## EXERCISE MATERIAL
***

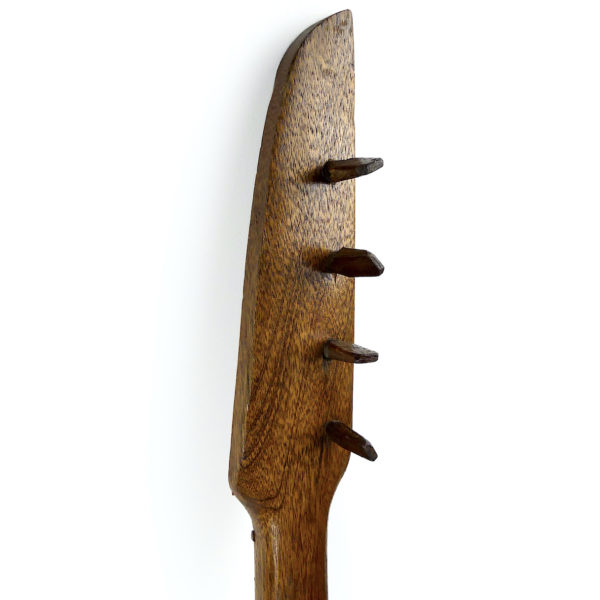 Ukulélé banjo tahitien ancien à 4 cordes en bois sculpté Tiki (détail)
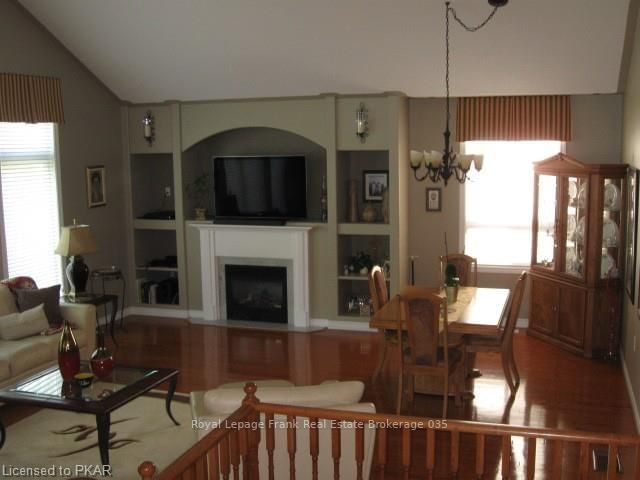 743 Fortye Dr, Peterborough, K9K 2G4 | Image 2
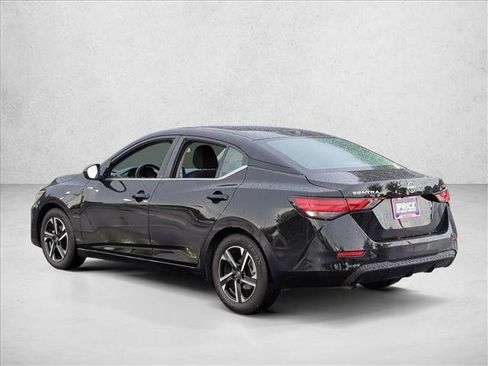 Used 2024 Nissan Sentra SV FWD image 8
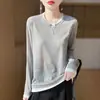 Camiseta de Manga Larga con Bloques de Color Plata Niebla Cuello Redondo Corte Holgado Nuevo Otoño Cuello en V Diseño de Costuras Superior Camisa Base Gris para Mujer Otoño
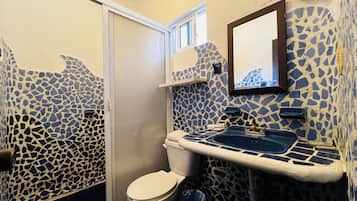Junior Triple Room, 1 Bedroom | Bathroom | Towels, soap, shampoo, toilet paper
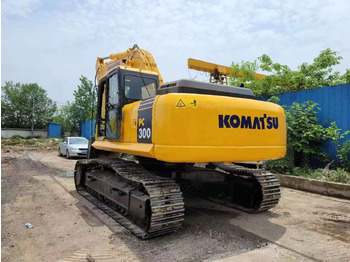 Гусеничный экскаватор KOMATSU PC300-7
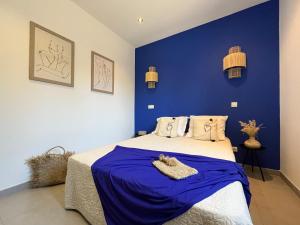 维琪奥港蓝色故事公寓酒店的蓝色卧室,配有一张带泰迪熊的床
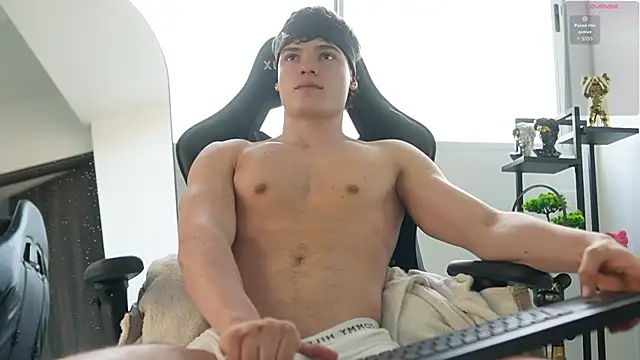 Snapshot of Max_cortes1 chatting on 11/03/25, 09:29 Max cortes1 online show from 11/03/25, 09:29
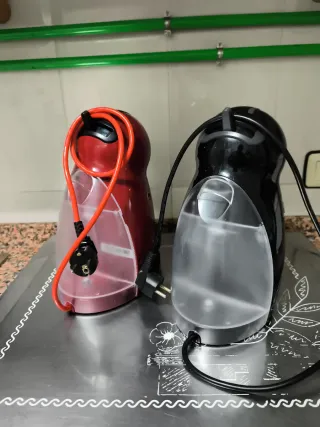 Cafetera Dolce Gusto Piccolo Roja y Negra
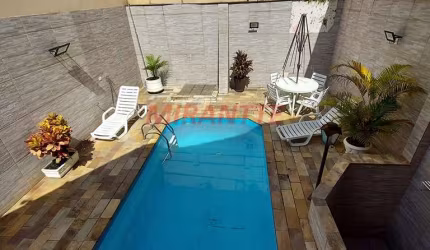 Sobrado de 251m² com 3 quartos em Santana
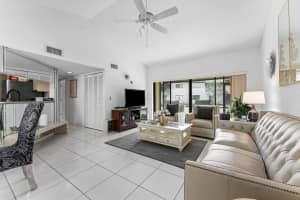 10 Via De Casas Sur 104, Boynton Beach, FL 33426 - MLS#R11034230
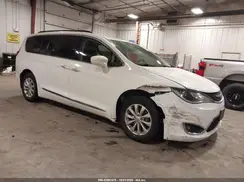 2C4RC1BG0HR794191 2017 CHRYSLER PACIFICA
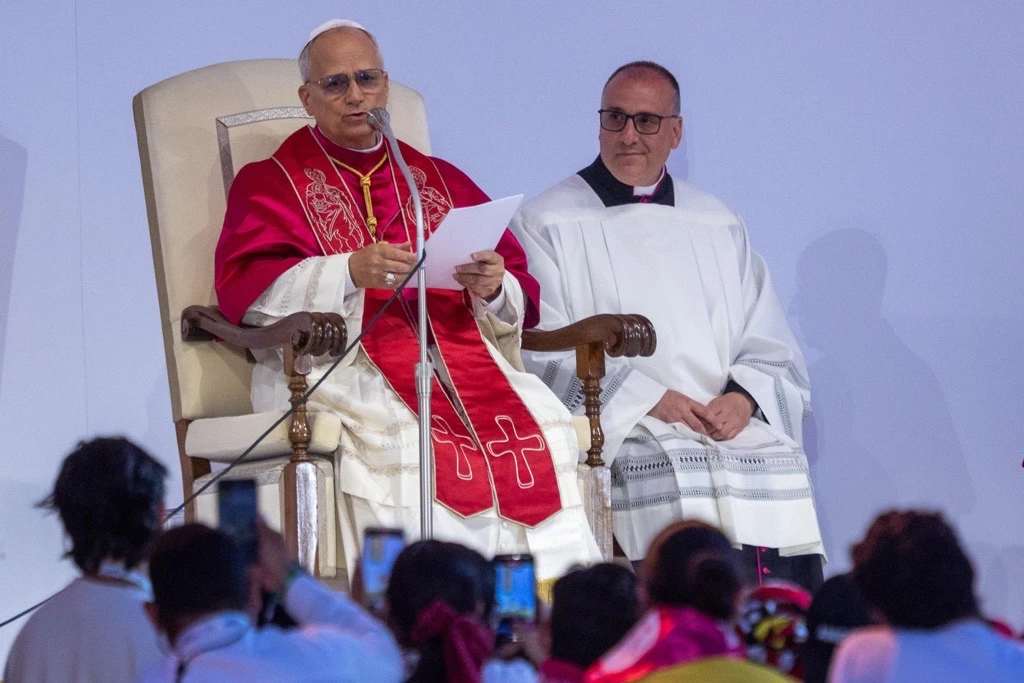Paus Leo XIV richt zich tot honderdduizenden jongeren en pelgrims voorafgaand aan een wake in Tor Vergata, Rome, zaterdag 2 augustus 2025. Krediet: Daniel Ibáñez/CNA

***

## REQUIRED ACTION
Give back exactly the lines from the one containing "Junior Triple Room, 1" through the last line above, both included, and none of the pictures.

## EXPECTED ANSWER
Junior Triple Room, 1 Bedroom | Bathroom | Towels, soap, shampoo, toilet paper
 Гусеничный экскаватор KOMATSU PC300-7
 维琪奥港蓝色故事公寓酒店的蓝色卧室,配有一张带泰迪熊的床
 Snapshot of Max_cortes1 chatting on 11/03/25, 09:29 Max cortes1 online show from 11/03/25, 09:29
 Cafetera Dolce Gusto Piccolo Roja y Negra
 Sobrado de 251m² com 3 quartos em Santana
 10 Via De Casas Sur 104, Boynton Beach, FL 33426 - MLS#R11034230
 2C4RC1BG0HR794191 2017 CHRYSLER PACIFICA
Paus Leo XIV richt zich tot honderdduizenden jongeren en pelgrims voorafgaand aan een wake in Tor Vergata, Rome, zaterdag 2 augustus 2025. Krediet: Daniel Ibáñez/CNA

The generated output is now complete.